'''

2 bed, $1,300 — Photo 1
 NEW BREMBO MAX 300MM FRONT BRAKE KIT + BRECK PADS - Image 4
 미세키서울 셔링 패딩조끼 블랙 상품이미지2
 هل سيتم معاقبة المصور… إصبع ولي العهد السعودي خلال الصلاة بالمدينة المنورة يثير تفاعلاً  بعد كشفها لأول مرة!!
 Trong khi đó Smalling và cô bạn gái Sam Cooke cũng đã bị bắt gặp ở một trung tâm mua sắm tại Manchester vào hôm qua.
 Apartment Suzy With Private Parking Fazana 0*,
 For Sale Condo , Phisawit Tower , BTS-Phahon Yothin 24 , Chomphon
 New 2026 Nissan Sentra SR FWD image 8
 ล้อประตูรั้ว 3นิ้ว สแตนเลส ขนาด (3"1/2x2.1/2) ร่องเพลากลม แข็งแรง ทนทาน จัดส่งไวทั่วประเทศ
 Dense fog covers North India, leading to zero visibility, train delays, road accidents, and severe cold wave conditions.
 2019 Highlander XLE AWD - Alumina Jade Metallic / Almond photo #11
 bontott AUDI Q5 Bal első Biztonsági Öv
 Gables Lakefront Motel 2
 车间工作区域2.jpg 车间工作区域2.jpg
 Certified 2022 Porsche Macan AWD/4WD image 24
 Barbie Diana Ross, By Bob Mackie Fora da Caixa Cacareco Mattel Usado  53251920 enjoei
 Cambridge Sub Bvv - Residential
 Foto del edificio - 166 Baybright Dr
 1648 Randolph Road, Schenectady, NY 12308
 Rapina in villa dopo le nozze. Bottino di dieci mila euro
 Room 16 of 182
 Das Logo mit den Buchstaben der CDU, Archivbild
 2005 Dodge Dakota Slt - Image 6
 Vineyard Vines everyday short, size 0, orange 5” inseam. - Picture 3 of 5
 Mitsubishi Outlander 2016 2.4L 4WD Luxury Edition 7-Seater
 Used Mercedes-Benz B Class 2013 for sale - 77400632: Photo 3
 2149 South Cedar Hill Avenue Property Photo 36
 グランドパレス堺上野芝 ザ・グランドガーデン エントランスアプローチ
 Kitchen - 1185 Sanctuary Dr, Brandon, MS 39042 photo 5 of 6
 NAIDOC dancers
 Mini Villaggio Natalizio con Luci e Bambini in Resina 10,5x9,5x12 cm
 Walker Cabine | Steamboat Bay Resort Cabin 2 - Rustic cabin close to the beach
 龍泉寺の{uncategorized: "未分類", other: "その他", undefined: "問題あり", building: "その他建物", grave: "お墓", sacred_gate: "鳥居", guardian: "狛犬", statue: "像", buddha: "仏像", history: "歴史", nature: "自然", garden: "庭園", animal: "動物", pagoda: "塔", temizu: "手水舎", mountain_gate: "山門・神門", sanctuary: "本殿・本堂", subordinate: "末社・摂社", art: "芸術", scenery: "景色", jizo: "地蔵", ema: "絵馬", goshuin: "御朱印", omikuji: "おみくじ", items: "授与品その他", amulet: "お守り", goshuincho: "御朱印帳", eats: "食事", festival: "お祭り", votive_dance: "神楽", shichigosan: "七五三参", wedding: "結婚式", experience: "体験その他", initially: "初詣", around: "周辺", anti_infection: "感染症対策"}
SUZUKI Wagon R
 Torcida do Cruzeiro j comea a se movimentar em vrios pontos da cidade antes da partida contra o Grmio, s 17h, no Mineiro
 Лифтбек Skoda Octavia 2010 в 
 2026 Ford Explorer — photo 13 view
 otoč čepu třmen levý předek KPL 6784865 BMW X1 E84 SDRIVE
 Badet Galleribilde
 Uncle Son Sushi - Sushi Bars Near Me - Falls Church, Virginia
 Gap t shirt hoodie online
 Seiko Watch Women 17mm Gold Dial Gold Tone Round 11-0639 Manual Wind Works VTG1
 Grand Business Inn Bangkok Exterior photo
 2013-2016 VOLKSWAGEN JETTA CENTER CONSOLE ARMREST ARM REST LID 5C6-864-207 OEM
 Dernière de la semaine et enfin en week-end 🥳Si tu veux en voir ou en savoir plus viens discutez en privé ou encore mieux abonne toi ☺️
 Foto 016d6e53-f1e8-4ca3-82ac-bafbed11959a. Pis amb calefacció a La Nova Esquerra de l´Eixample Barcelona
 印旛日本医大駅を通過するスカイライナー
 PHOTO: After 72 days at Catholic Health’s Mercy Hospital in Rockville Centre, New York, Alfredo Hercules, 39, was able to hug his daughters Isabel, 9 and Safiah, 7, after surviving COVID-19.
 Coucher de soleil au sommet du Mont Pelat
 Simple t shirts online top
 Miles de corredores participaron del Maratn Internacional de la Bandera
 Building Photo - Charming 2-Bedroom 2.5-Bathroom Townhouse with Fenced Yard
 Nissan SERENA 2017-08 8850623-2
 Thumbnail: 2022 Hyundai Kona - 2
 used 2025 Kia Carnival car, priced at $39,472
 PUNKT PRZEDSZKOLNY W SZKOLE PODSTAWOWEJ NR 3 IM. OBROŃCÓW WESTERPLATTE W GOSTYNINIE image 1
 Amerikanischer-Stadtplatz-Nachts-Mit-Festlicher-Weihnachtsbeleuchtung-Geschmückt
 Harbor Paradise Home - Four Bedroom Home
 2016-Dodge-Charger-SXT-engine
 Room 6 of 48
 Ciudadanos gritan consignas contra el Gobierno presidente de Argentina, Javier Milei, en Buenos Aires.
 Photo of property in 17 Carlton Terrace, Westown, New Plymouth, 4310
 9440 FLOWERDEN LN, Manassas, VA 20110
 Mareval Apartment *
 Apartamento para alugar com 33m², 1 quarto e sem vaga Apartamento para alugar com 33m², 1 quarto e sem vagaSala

'''

Task statement> Output exactly one stretch of the listing: from the line containing "Gables Lakefront Motel 2" through the line containing "Walker Cabine |", both end lines included.

Exercise answer>
 Gables Lakefront Motel 2
 车间工作区域2.jpg 车间工作区域2.jpg
 Certified 2022 Porsche Macan AWD/4WD image 24
 Barbie Diana Ross, By Bob Mackie Fora da Caixa Cacareco Mattel Usado  53251920 enjoei
 Cambridge Sub Bvv - Residential
 Foto del edificio - 166 Baybright Dr
 1648 Randolph Road, Schenectady, NY 12308
 Rapina in villa dopo le nozze. Bottino di dieci mila euro
 Room 16 of 182
 Das Logo mit den Buchstaben der CDU, Archivbild
 2005 Dodge Dakota Slt - Image 6
 Vineyard Vines everyday short, size 0, orange 5” inseam. - Picture 3 of 5
 Mitsubishi Outlander 2016 2.4L 4WD Luxury Edition 7-Seater
 Used Mercedes-Benz B Class 2013 for sale - 77400632: Photo 3
 2149 South Cedar Hill Avenue Property Photo 36
 グランドパレス堺上野芝 ザ・グランドガーデン エントランスアプローチ
 Kitchen - 1185 Sanctuary Dr, Brandon, MS 39042 photo 5 of 6
 NAIDOC dancers
 Mini Villaggio Natalizio con Luci e Bambini in Resina 10,5x9,5x12 cm
 Walker Cabine | Steamboat Bay Resort Cabin 2 - Rustic cabin close to the beach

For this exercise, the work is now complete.